TASK STATEMENT => The copy should hold exactly the lines below from the one that contains "2024 GMC Yukon Denali Ultimate" through the one that contains "Casă cu 5 camere cu Teren 1198 Mp în Central" and nothing else, so no pictures.

MATERIAL PROVIDED =>
####
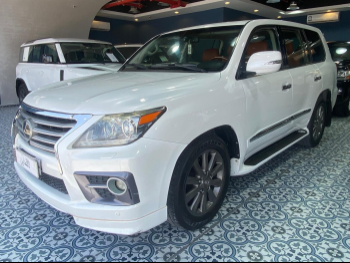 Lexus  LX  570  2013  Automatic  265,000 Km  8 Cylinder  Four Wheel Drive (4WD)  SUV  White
####
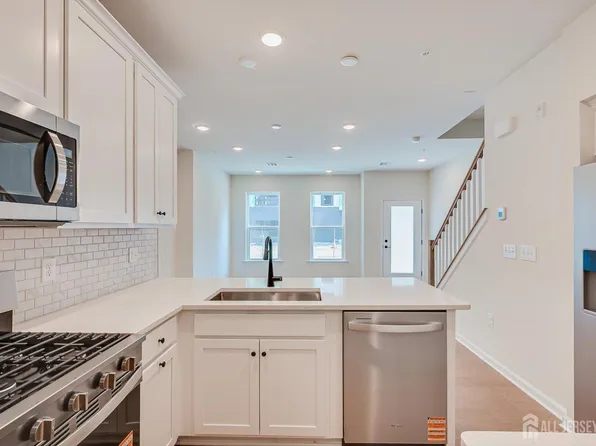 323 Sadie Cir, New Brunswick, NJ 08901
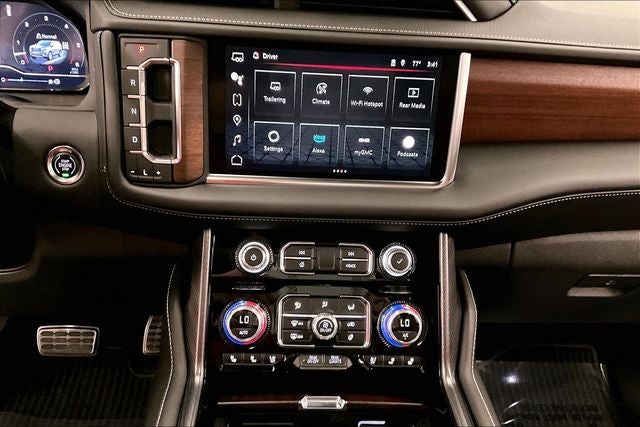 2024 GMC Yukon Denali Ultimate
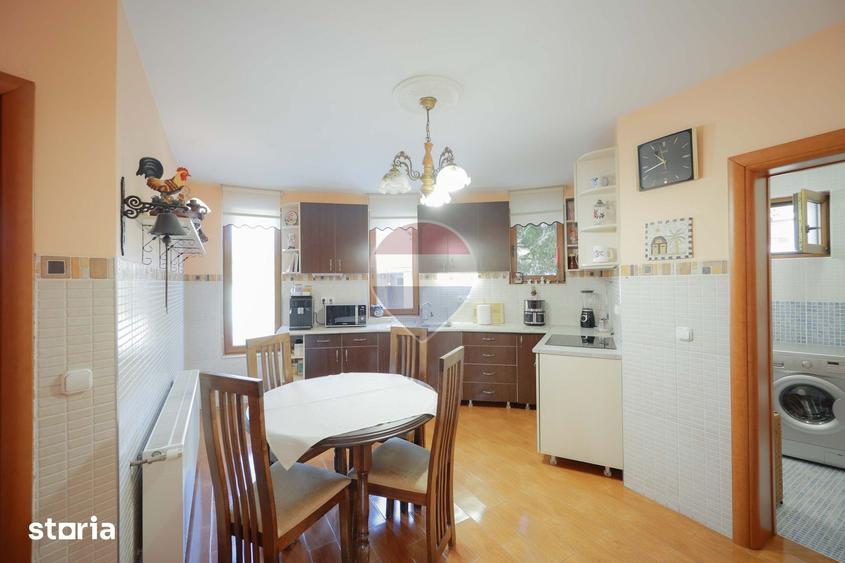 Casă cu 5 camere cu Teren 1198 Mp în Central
####
PROBLEM SOLUTION =>
 2024 GMC Yukon Denali Ultimate
 Casă cu 5 camere cu Teren 1198 Mp în Central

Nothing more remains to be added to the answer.